An account of Adèle's wretched situation in Barbados was given by Cathonoy, the head of the Catholic mission in Trinidad, in a letter dated 8 September 1885. He relates an incident where he met a Barbadian woman of African descent, named Madame Céline Alvarez Baa, who requested that a mass be said for Victor Hugo after news of the author's death. Curious to know the reason for Madame Baa's interest in Victor Hugo, Cathonoy asked questions, and he learned that Madame Baa had given Adèle shelter when she was abandoned on Barbados, where she was known as Madame Pinson. Adèle had been found wandering the streets, talking to herself, detached from her surroundings. Madame Baa had taken Adèle to her family in Paris; Adèle was left in medical care, and a grateful Victor Hugo had reimbursed Madame Baa for her expenses. An account similar to Cathonoy's was given in an anonymous letter to the editor published by the New-York Tribune on 27 May 1885.

Much of what is known about Adèle's life and her pursuit of Pinson comes from her diaries and letters. Adèle kept a journal while she lived on Jersey and Guernsey, which she titled Journal de l'Exil (Diary of the Exile). She stopped keeping a diary by the time she landed in Barbados due to her mental deterioration.

==Mental condition and later life==
Adèle's obsession was a manifestation of erotomania. Along with her other symptoms of mental illness, including hallucinations, Adèle's condition indicates schizophrenia. The illness appeared in other members of the Hugo family; Victor Hugo's brother Eugène also had schizophrenia.

Adèle was ultimately sent to live in a mental institution for the affluent outside Paris. She remained there until her death in 1915. The widowed Pinson died the same year, five months after Adele. Out of Victor Hugo's five children, Adèle was the only one who outlived him. She is buried in Villequier Churchyard,
Villequier, France.

==In media==
Adèle's obsession with Pinson inspired the 1975 biographical film The Story of Adèle H., directed by François Truffaut and starring Isabelle Adjani. Several biographies have been published about Adèle Hugo. Also her life and obsession with Pinson was put in a book titled Adèle Hugo: La Misérable by Leslie Smith Dow.

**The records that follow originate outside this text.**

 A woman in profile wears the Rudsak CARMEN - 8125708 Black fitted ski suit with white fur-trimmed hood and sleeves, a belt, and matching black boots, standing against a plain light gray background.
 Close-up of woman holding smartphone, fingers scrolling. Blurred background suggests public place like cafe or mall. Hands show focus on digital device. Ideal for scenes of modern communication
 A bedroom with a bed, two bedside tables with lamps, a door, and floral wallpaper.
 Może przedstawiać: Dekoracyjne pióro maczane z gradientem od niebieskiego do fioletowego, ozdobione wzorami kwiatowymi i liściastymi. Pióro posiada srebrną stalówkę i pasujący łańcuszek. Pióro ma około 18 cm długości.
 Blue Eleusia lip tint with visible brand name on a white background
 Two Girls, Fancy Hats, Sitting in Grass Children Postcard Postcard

==In Pursuit of Love. The Search for Victor Hugo's Daughter by Mark Bostridge==

Mark Bostridge's book, published by Bloomsbury in 2024, explores his own obsession with Adèle Hugo in a biography-cum-memoir, described by the London Sunday Times as "gloriously rich and capacious". In the course of his search, Bostridge uncovered new information about Albert Pinson, tracking down Pinson's descendants and finding a photo of him, as well as letters and other documents.